How Was the English Colony of Jamestown Founded?
The English Colony of Virginia began in Jamestown in 1607, with Captain John Smith elected leader in 1608. In its first years, the colony was plagued by swift-spreading diseases due to large amounts of standing water, as well as unskilled laborers who were used to having someone else do the dirty work. During the winter of 1609-1610, a period known as the Starving Time was responsible for the death of a large proportion of settlers; they had little supplies and few crops to support them. The popularity of tobacco led a large amount of new English settlers to the colony and led to profitable trade between the Jamestown and England. In 1619, 20 African indentured servants arrived and would result in Virginia becoming the first colony to legalize slavery in 1660. King James I wanted to exercise more control over the area, so Virginia was made a Royal Colony in 1624. After the English Civil Wars of the 1640s, many supporters of the King settled in Virginia, which led to some problems. The wealthier settlers pushed the poor people farther inland, where they were susceptible to Indian attacks and were underrepresented in the House of Burgesses. Nathaniel Bacon led a frustrated group of settlers in the burning of Jamestown to the ground, destroying the majority of the wealthy settlers’ homes. This event came to be known as Bacon’s Rebellion.

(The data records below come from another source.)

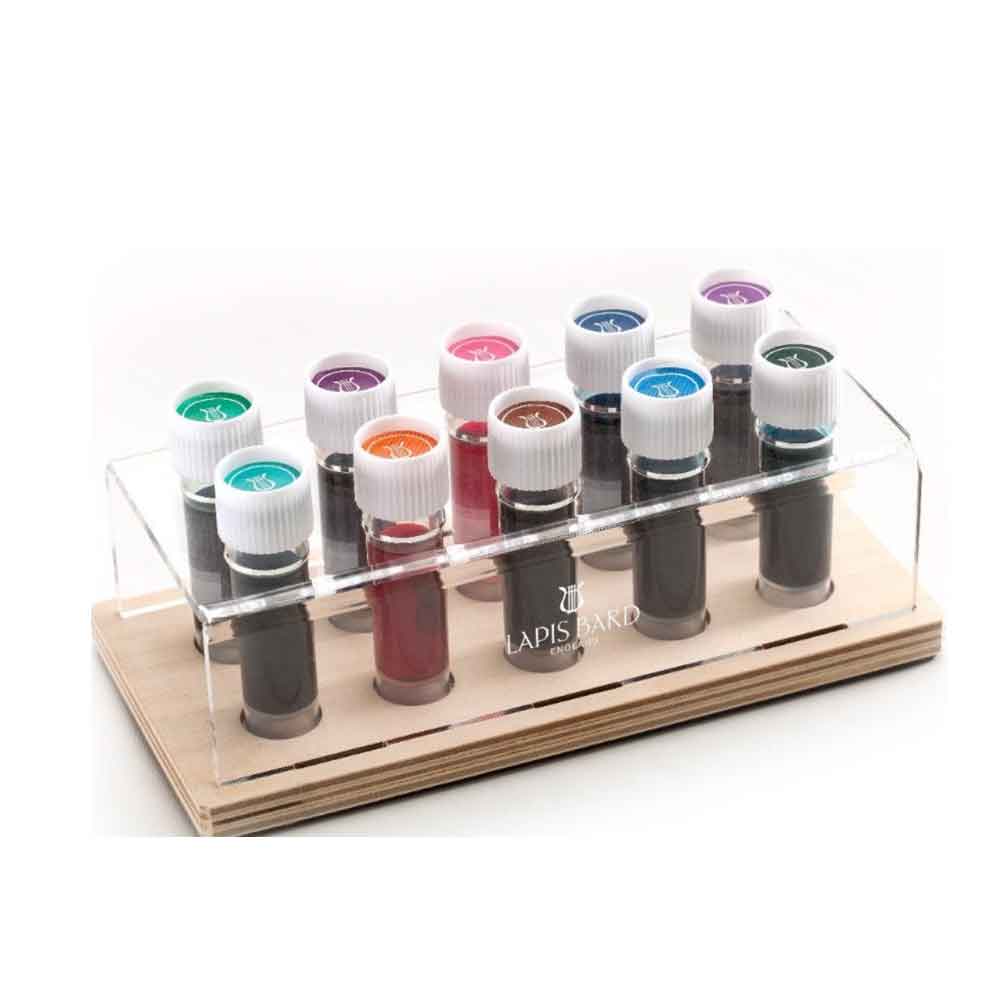 Lapis Bard Ink Vial Kit Set Of 10colors In 5ML Vial Each With Acrylic Stand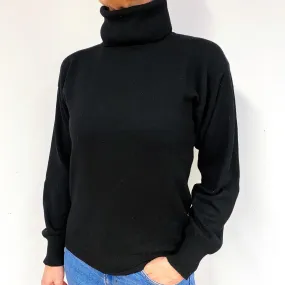 Black Slouchy Cashmere Polo Neck Jumper Medium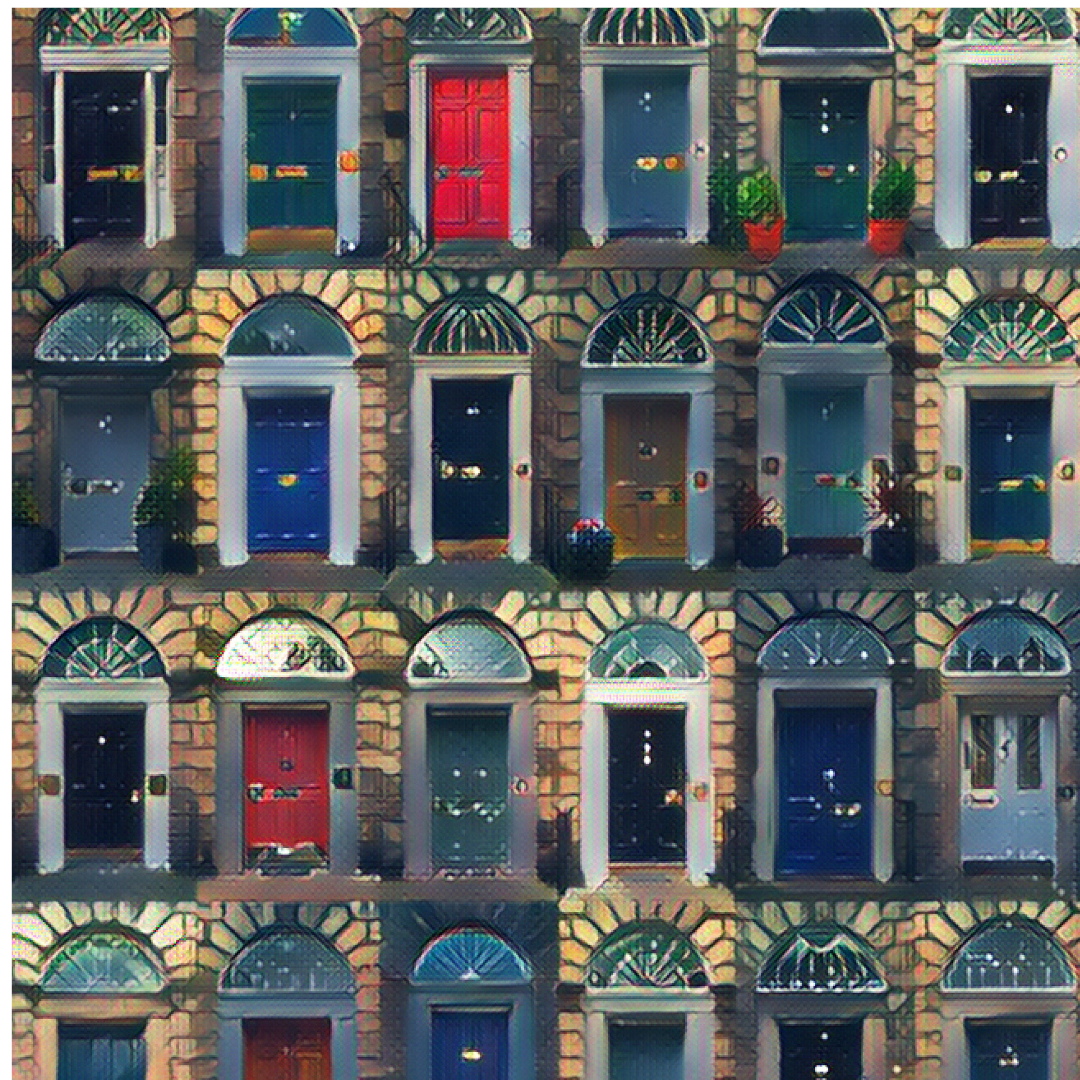 montage of colorful house doors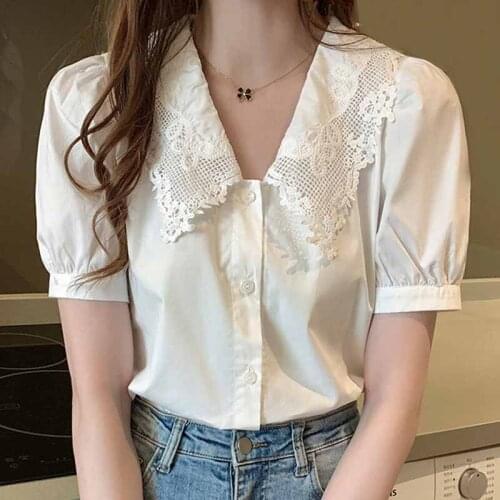 Blouse Women 2021 Short Sleeve White Blouse Women Shirts V-neck Chiffon Blouse Shirt Women Tops Women Blouses Blusas MuD307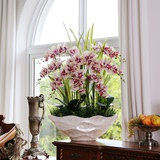 客厅摆件净化空气和家超大全手感蝴蝶兰盆栽仿真花套装假花装饰花
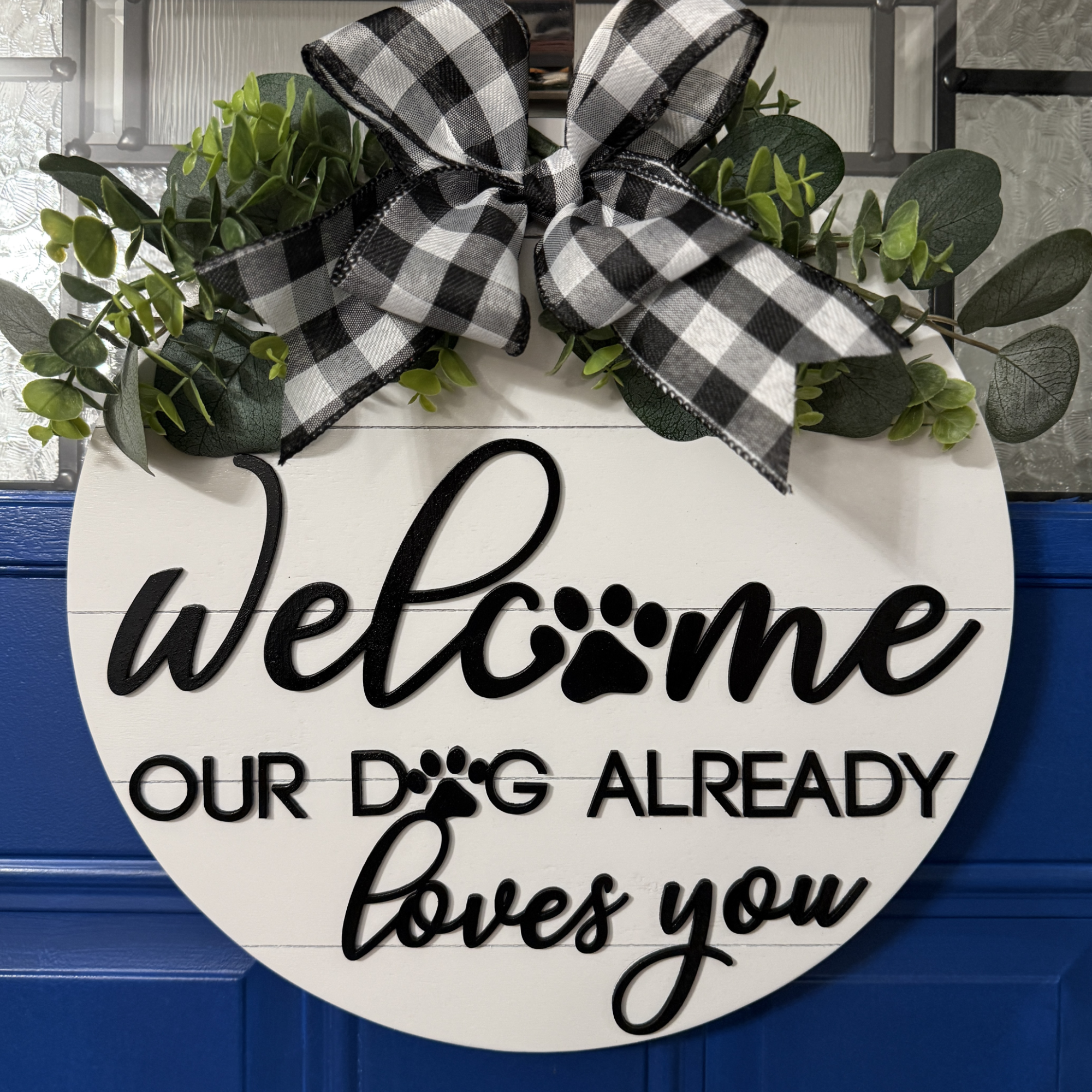 Dogs Love You Door Hanger – 14" Wood Sign with Greenery, Bow & Custom Dog Greeting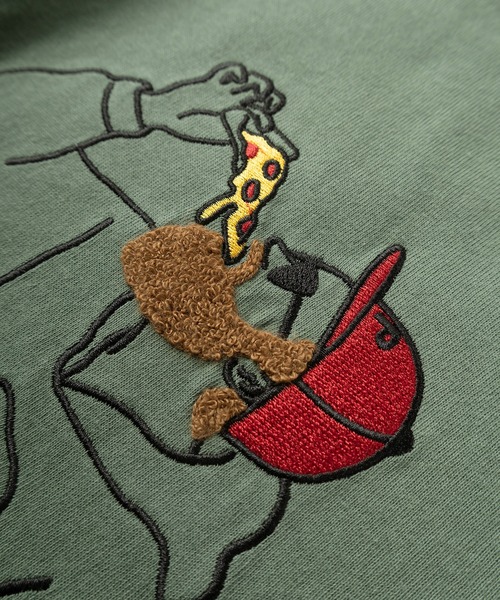 make a ray!(メイク ア レイ!)の「「FOODIE&Hangover's」ジェントルマン サガラ刺繍イラストデザイン ビッグシルエット ロングスリーブTシャツ/ロンT(Tシャツ/カットソー・メンズ・オフホワイト/ブラック系その他/ブラック/ホワイト/グリーン/ラベンダー・M/L)」の15枚目の写真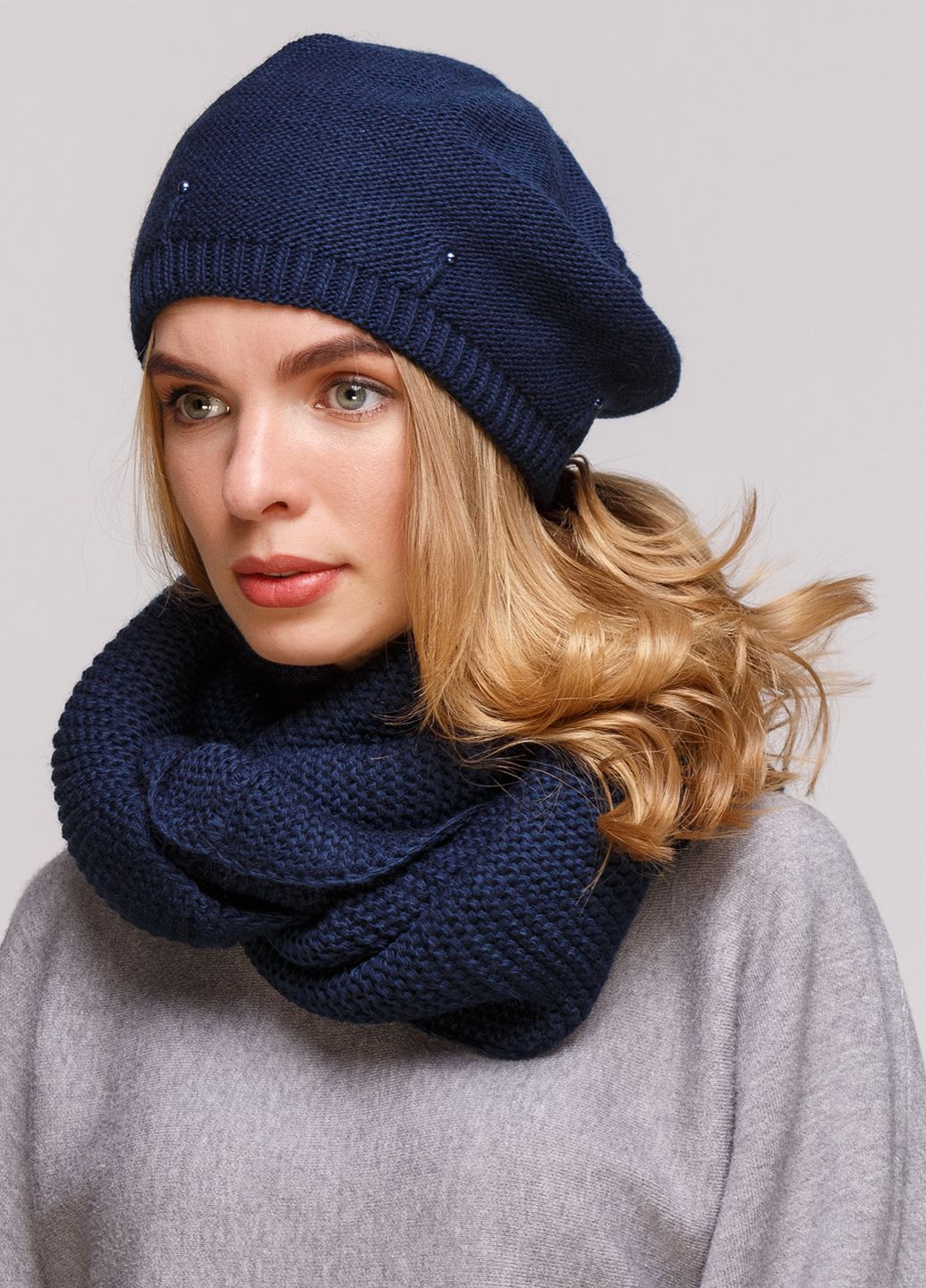 

Комплект (берет, шарф-снуд) Fashion Star 56-60 см Синий 660100
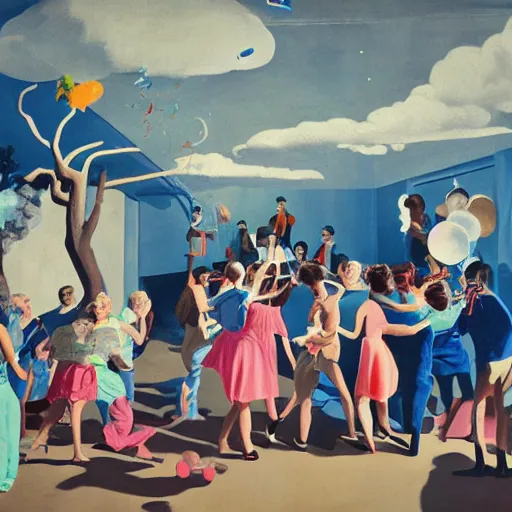 Image similar to having a cool party birthday party, painting by neo rauch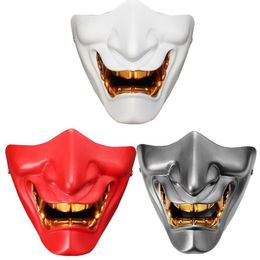 Lower Half face mask Demon Evil masks Gold Teeth Costume Party Props Resin Halloween Cosplay irsoft Paintball CS Game Army Fans Supplies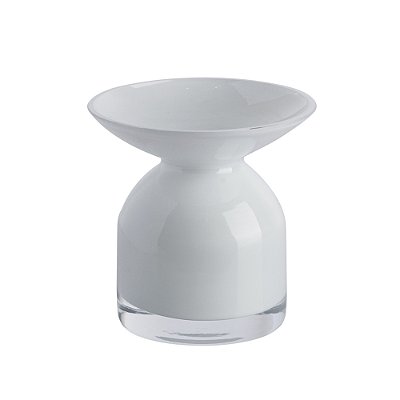 Vaso de Vidro Branco Borda V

The English Colony of Virginia
The English Colony of Virginia, which began at Jamestown, was at first plagued by a poor location and a lack of skilled laborers. First, Jamestown was started on a peninsula that had a lot of free-standing water, which led to mosquitoes and malarial conditions. It wasn’t very suitable for farming, so people were unable to grow crops right away, and they had a lack of skilled laborers.
Many of the people who had traveled were noblemen who weren’t used to getting their hands dirty or anything to do any hard work, or their man servants who were also used to just taking care of their nobleman’s business. They didn’t have to actually go out and do a lot of hard work. People who had originally arrived as colonists in Jamestown didn’t really know how to live this new life. They weren’t skilled laborers ready for this kind of a job. Their location wasn’t a very good location. Captain John Smith was elected leader in 1608.
This was a good thing for Jamestown, because he proved to be the strict leader the colony needed to survive. If there wasn’t and someone who was very strict and in control making sure food was rationed, making sure people were working, then the colony probably wouldn’t have survived. John Smith was a strict leader and he helped the colonies survive. However, a large proportion of the settlers died during the winter of 1609-1610, which came to be known as the starving time.
The colony hadn’t really gotten on its feet yet. It didn’t have crops grown. It didn’t have a lot of food, so a lot of people starved or they got sick and then they died, because they still didn’t have any good nutrition. They were unable to heal. Out of about 500 people, there were only about 60 that survived. It was a huge proportion of the settlers that were there that died during the starving time. In the end, what saved the Virginia Colony was the wild popularity of tobacco.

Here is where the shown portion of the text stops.